(SUPPLIED INFORMATION begins)

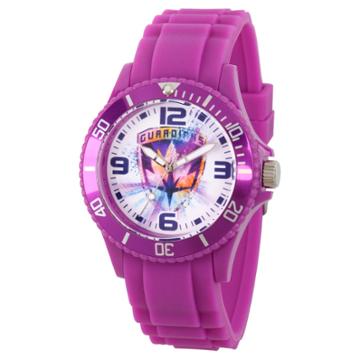 Disney Men's Marvel Guardians Of The Galaxy Plastic Watch - Purple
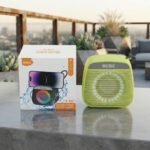 X-922 Wireless Speaker Disco Series | X-922 ওয়্যারলেস ডিস্কো স্পিকার | RGB Disco Light, Mobile Holder, TF Card & USB Support | MNK SHOP - Image 8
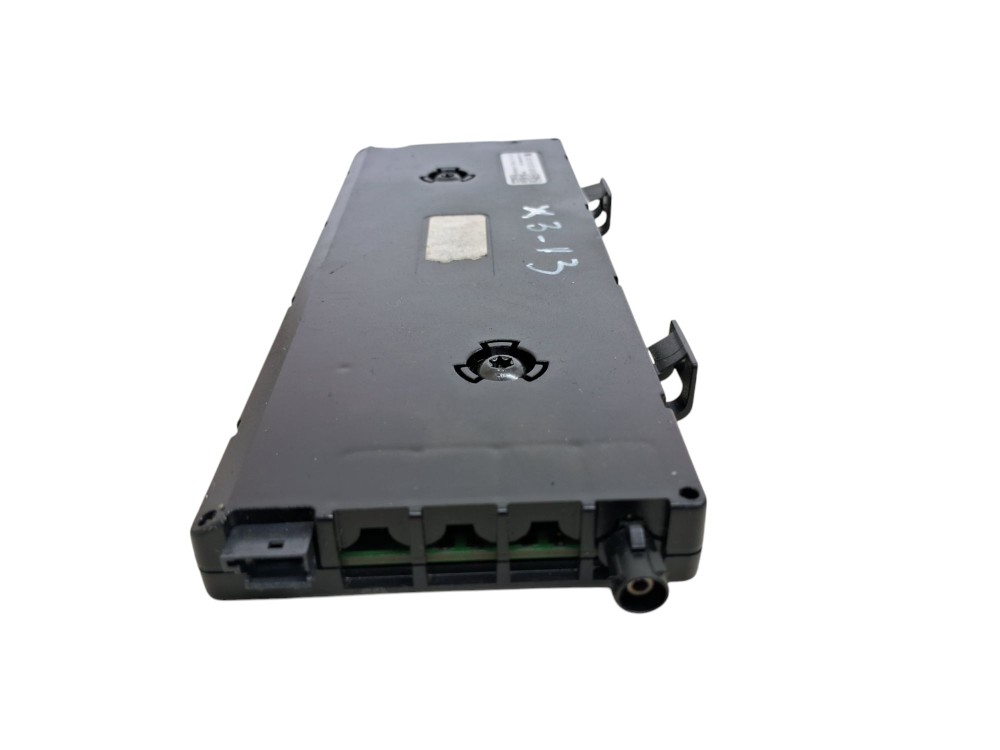 Modulo Amplificador Antena Bmw X3 Xdrive20i 2013 Preto 3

(SUPPLIED INFORMATION ends)

**ACTIVITY**.
The whole listing above must be duplicated word for word, apart from its pictures.

**SOLUTION TO THE EXERCISE**.
 Disney Men's Marvel Guardians Of The Galaxy Plastic Watch - Purple
 X-922 Wireless Speaker Disco Series | X-922 ওয়্যারলেস ডিস্কো স্পিকার | RGB Disco Light, Mobile Holder, TF Card & USB Support | MNK SHOP - Image 8
 Modulo Amplificador Antena Bmw X3 Xdrive20i 2013 Preto 3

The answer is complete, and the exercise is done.